Infinite chocolate; infinite resources; infinite love-stick the word infinite’ in front of anything even remotely postitve, and most people get pretty excited. But what about infinite scrolling? While it may seem like a good idea (never-ending information! yay!), the reality is that it may not be a good fit for all companies and may actually be detrimental if you don’t use it correctly.
For those who aren’t in the know’ infinite scrolling is a popular option on almost all social media channels such as Tumblr, Facebook, Instagram, Pinterest, Twitter, and even sites like Mashable and Google Images. It’s a seamless way of displaying content or images so users won’t have to click a “load more” or “next page” button in order to see more information. As long as they keep scrolling, the content will keep loading.
Pros & Cons
Sounds like a good idea, right? However, before you make a decision you should find out the pros and cons of infinite scrolling. Some of the pros include being smartphone friendly since there’s no little next page’ buttons to tap and it’s good at retaining a user’s attention thanks to the seamless design and unobstructed information. It’s also easier to display a lot of data all at once, is great for real time information updates, and there is no added lag time to the loading of a site.
Are you still not sure if infinite scrolling is right for your company? Well looking at the pros and cons, you should ask yourself some questions. Do your users need to search for products or services? If so, then you should probably steer away from infinite scrolling since it is harder to funnel information or navigate. Does your company work with a lot of content and images? If all of the information on your site is of equal importance to the user (which most content and images are), then infinite scrolling would be a good option for your company.
The Effect on SEO
It’s important to take note of how infinite scrolling will affect your SEO efforts and how Google crawls your site. According to some experts, Google bots will leave a page after the first “load more” section, and will not scroll down or see any of the information that appears after the first section.

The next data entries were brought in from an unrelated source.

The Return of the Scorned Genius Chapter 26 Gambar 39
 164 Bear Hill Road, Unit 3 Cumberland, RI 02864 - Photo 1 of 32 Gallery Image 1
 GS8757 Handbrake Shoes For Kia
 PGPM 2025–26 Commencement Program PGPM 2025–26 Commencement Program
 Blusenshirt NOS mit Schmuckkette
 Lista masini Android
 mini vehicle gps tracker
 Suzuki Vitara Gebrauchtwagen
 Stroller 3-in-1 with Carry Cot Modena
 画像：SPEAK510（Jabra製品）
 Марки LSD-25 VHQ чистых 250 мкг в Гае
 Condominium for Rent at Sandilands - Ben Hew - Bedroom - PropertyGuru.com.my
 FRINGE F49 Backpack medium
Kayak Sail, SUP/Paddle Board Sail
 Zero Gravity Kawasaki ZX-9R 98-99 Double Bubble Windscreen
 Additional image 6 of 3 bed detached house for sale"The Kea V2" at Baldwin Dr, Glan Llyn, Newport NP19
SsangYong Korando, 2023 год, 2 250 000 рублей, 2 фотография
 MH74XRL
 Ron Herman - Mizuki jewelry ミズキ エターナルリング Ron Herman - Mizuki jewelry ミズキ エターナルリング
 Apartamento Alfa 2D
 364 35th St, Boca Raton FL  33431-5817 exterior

This means that your information won’t get indexed unless you do something about it.
To combat this, Google’s Webmaster Trends Analyst, John Mueller, says that sites with infinite scrolling can include static links with pagination structure, should have a CMS in place, should make sure each component page has a full URL, ensure that there should be no overlaps in pagination, and should make sure that you configure pagination with each component in the <head> and not the <body>.
Now that you know a little bit more about infinite scrolling, you can decide whether it’s a good move for your company and systems. Can be great for the user, but cause issues.